Data section —
▼

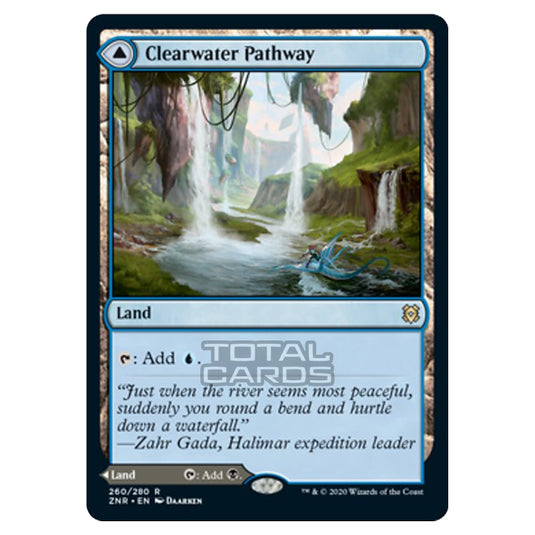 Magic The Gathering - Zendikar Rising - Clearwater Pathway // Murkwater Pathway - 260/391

▲
▼

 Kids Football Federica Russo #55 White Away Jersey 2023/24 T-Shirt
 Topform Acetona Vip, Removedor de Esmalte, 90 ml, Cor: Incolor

▲
▼

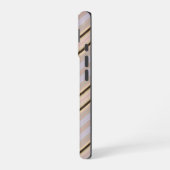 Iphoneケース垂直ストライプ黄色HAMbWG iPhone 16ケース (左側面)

▲

Repeat word for word the lines above that run from the line containing "Kids Football Federica" through the line containing "Topform Acetona Vip, Removedor", both ends included, and nothing else.

Task answer —
 Kids Football Federica Russo #55 White Away Jersey 2023/24 T-Shirt
 Topform Acetona Vip, Removedor de Esmalte, 90 ml, Cor: Incolor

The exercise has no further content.